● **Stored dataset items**
------------------------------------------------------------------------

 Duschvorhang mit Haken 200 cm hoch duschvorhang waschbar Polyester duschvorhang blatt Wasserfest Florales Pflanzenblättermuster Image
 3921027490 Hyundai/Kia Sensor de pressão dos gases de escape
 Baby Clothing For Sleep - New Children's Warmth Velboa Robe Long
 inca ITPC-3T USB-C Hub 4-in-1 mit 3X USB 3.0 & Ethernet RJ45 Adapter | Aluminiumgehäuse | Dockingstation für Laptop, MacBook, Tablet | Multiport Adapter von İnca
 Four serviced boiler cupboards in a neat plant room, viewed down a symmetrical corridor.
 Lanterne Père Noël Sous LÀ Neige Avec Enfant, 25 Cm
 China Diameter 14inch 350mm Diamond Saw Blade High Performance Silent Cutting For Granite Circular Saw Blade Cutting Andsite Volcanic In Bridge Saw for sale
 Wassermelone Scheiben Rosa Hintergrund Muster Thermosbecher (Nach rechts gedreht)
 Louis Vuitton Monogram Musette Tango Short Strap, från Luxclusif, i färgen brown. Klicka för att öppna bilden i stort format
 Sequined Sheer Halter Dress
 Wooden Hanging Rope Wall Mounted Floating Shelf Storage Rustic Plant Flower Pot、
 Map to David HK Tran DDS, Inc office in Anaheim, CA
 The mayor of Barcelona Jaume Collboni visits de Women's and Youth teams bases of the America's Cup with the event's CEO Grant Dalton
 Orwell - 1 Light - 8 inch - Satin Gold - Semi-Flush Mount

------------------------------------------------------------------------

● **About this exercise**
Repeat the full set of records above character for character.

● **Problem solution**
 Duschvorhang mit Haken 200 cm hoch duschvorhang waschbar Polyester duschvorhang blatt Wasserfest Florales Pflanzenblättermuster Image
 3921027490 Hyundai/Kia Sensor de pressão dos gases de escape
 Baby Clothing For Sleep - New Children's Warmth Velboa Robe Long
 inca ITPC-3T USB-C Hub 4-in-1 mit 3X USB 3.0 & Ethernet RJ45 Adapter | Aluminiumgehäuse | Dockingstation für Laptop, MacBook, Tablet | Multiport Adapter von İnca
 Four serviced boiler cupboards in a neat plant room, viewed down a symmetrical corridor.
 Lanterne Père Noël Sous LÀ Neige Avec Enfant, 25 Cm
 China Diameter 14inch 350mm Diamond Saw Blade High Performance Silent Cutting For Granite Circular Saw Blade Cutting Andsite Volcanic In Bridge Saw for sale
 Wassermelone Scheiben Rosa Hintergrund Muster Thermosbecher (Nach rechts gedreht)
 Louis Vuitton Monogram Musette Tango Short Strap, från Luxclusif, i färgen brown. Klicka för att öppna bilden i stort format
 Sequined Sheer Halter Dress
 Wooden Hanging Rope Wall Mounted Floating Shelf Storage Rustic Plant Flower Pot、
 Map to David HK Tran DDS, Inc office in Anaheim, CA
 The mayor of Barcelona Jaume Collboni visits de Women's and Youth teams bases of the America's Cup with the event's CEO Grant Dalton
 Orwell - 1 Light - 8 inch - Satin Gold - Semi-Flush Mount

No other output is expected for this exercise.